St. Andrews has a unique offering as a town, which goes beyond golf. The people, the places, the scenery has offered inspiration to many an artist, musicians and the like. But today we caught up with writer Sinclair Macleod about his second ‘Reluctant Detective’ novel called ‘The Good Girl’ and found out why he decided to set it in our beautiful town.
I am a proud Glaswegian, born and bred, but a little piece of my heart belongs in Fife. St Andrews represents a place of fond memories and treasured days, it is my second home. So when I needed a rural setting for my second ‘Reluctant Detective’ novel, it was natural that I chose St Andrews and its surrounding area. The book is called ‘The Good Girl’ and features the search for a missing girl from a farm just outside the town.
As described in the book, there are few places in the world that have the cultural, religious, educational and sporting significance that this ancient town enjoys. If I had used some generic town or village close to Glasgow, it would not have created that sense of place that St Andrews gave me. It is so distinctive that it is no surprise that I am one of many Scottish writers who have chosen it as a setting for their stories.
In and around the town there is a wide diversity of people who form part of its daily life. There are academics and students from all over the world; it is a mecca for golfers and tourists; the residents of Fife include those in the farming and fishing industries. This variety of people allows a writer the luxury of creating a broad range of characters that you might normally find in a big city setting.
It is also a very beautiful place, I thought that you might enjoy seeing where some of the action in the book occurs…..
Outside the Chapel of St Salvator is where an important part of the action of the story unfolds. It is also the oldest building in the town with a history dating back to 1450 and a fine way to show the history of one of the oldest universities in the world.
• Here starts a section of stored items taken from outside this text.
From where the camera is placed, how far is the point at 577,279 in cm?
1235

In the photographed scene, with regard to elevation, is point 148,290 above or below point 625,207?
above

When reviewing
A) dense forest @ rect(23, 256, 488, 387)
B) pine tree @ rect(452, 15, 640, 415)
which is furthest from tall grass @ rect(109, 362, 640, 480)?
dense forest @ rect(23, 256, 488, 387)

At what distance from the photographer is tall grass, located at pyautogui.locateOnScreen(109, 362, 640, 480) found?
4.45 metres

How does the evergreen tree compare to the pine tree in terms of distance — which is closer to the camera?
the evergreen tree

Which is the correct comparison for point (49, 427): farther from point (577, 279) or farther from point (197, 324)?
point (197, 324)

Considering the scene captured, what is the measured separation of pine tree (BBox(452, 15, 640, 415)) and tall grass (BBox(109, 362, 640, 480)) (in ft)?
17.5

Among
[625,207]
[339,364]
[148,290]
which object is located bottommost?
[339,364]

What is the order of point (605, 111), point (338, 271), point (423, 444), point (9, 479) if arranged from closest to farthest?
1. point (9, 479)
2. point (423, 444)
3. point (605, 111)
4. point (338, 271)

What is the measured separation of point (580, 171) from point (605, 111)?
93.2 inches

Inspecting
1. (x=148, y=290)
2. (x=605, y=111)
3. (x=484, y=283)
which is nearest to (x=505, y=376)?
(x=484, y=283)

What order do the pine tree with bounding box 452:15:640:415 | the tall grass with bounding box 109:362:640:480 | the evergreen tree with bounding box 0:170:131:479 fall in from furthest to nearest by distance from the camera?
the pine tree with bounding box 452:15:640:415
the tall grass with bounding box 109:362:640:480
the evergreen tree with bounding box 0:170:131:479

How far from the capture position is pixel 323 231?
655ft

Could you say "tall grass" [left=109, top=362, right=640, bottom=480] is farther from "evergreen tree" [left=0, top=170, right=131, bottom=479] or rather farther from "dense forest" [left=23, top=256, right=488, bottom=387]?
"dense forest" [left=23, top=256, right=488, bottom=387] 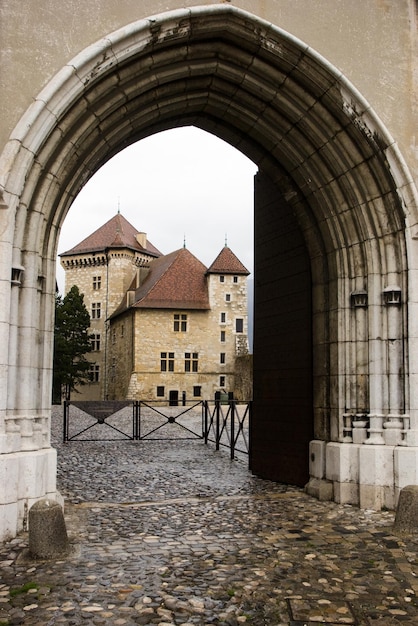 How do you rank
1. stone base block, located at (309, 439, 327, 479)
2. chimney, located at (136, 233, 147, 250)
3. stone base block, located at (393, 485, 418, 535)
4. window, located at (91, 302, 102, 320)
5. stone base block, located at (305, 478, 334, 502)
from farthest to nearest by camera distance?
chimney, located at (136, 233, 147, 250), window, located at (91, 302, 102, 320), stone base block, located at (309, 439, 327, 479), stone base block, located at (305, 478, 334, 502), stone base block, located at (393, 485, 418, 535)

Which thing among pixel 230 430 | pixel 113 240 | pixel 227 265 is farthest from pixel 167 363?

St Andrews Castle is perched precariously on a cliff top above the waves. It is part of the bloody history of the town that included martyrdom and religious persecution. The plaque commemorates one of the victims of that horrific time. Craig meets one of the suspects at the castle as he tries to pull together the facts of the case.
As Craig contemplates the mystery of the missing girl, he heads to St Rules tower in the grounds of the cathedral. The bracing sea air helps to clear his mind for the task ahead. It is a wonderful place for any visitor and photographer. Even in ruins you can’t help but marvel at the skill of the builders.
St Andrews is blessed with many fine pubs. I know having tried most of them, in the name of research you understand. The Criterion is the most important to the story as it is where the full dreadful truth is revealed that leads to the explosive climax.
I hope you have enjoyed this brief tour of the town that means so much to me and that it has intrigued you about both the town and the book.